The main work of the council was done in four plenary sessions in the autumn of the four years 1962-65. The 16 documents which comprise the legacy of the council covered subjects such as the nature of the Church, divine revelation, the pastoral challenges of modernity, the office of bishops, priestly ministry, ecumenism, missionary activity, relations with the Orthodox Church, relations with non-Christian religions, the apostolate of the laity, a document on the liturgy and also one containing an overdue apology to Jews.

The big three documents were the Dogmatic Constitution on the Church, the Pastoral Constitution on the Church in the Modern World, and the Declaration on Religious Liberty. Astonishing as it will seem to some, it was only in 1965, with the publication of this declaration, that the Catholic Church acknowledged “freedom of conscience”.

The Second Vatican Council would come to be regarded as the most important religious event of the 20th century, with far-reaching repercussions. File photo: Keystone-France/Gamma-Keystone via Getty Images
The Second Vatican Council would come to be regarded as the most important religious event of the 20th century, with far-reaching repercussions. File photo: Keystone-France/Gamma-Keystone via Getty Images

The tragedy of Vatican II was that it was, in the words of Professor Diarmaid MacCulloch of Oxford University, “half a revolution”. The doctrine of collegiality emerged only half-formed, and was swiftly euthanised by Karol Wojtyla shortly after he became Pope John Paul II (following the 33-day pontificate of John Paul I, who might have taken the Church in a different direction).

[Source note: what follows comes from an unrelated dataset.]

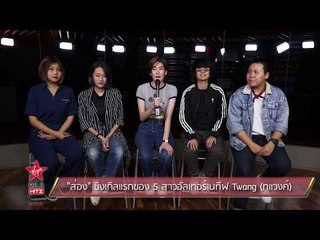 ส่อง ซิงเกิลแรกของ 5 สาวอัลเทอร์เนทีฟ Twang (ทแวงค์)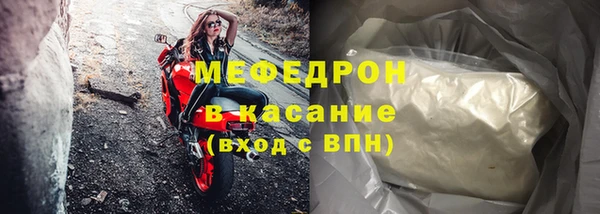 мяу мяу мука Переславль-Залесский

The spirit of Vatican II may still live on, but its practical effects (with the exception of Mass in the vernacular) are increasingly difficult to discern, especially in Ireland. Pope Francis’s emphasis on synodality was an attempt to re-vivify the essence of collegiality, which was intended to ensure that a Pope would not make major decisions in isolation from the College of Bishops, but it is unclear whether or to what extent Pope Leo XIV will continue on this path. 

The Vatican’s recent response to polygamy in certain African countries — a document extolling the virtues of monogamy, approved by Pope Leo — has led some commentators to say, since there was no dialogue with African bishops, he has flunked the first test of synodality of his papacy.

Today we are still struck with a monarchical papacy (despite Pope Francis’s efforts to move away from it), a model of the papacy that owes far more to the Emperor Constantine than to Matthew, Mark, Luke or John. We still have a top-down authority structure in a clerical Church, with the “people of God” sidelined.

And an American Pope, even one who spent over 10 years in Latin America, is unlikely to significantly alter the Eurocentric, heavily patriarchal theology still dominant in Rome. As for women priests any time soon, don’t hold your breath.

Vatican II left unfinished business (“half a revolution”). Collegiality pointed the way to a new form of governance in the Church, but there was no follow-up, mainly because of opposition at the highest level in Rome. Pope Francis tried to steer the Church back onto a collegial path but with mixed results. Nobody knows what Pope Leo XIV wants. 

So the big question remains — where does ultimate authority in the Church reside, with Pope or council?